Já estrangulada em dívidas, a Petrobras pode ter sofrido perdas bilionárias em suas operações com refinarias na última década – dentro e fora do país. Documentos do Tribunal de Contas da União (TCU) a partir de 2008 mostram que erros e deficiências em projetos, atrasos nas obras e sobrepreços podem ter custado bilhões aos cofres da estatal.

Nas refinarias de Abreu e Lima, em Pernambuco, e Comperj (Complexo Petroquímico do Rio de Janeiro), as obras estão atrasadas – o Comperj deve ser concluído com dez anos de atraso –, e estimativas já apontam que esses projetos devem custar pelo menos 5 vezes mais que o valor original.

Além disso, fiscalizações do tribunal apontam que erros e deficiências nos projetos, além de sobrepreço, podem levar a Petrobras a gastar R$ 2,77 bilhões a mais nesses empreendimentos.

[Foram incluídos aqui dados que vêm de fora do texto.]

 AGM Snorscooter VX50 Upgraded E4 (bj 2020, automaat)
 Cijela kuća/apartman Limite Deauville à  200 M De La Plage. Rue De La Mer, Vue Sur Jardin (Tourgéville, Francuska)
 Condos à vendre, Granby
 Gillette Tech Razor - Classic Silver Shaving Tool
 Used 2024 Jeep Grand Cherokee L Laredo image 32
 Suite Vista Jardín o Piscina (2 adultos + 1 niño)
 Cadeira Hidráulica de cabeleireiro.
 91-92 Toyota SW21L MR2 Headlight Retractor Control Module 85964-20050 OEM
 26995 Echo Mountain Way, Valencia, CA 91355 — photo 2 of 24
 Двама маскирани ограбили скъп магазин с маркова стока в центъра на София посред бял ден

As denúncias envolvendo negócios da Petrobras estão no centro dos pedidos de instalação de Comissão Parlamentar de Inquérito (CPI) no Congresso. Mas oposição e governo travam uma disputa sobre a abrangência da investigação. Na quarta-feira, a Comissão de Constituição e Justiça do Senado aprovou a instalação de uma CPI para investigar, além da Petrobras, as suspeitas de cartel no metrô de São Paulo, e irregularidades no Porto de Suape, em Pernambuco – estados administrados pelo PSDB e PSB.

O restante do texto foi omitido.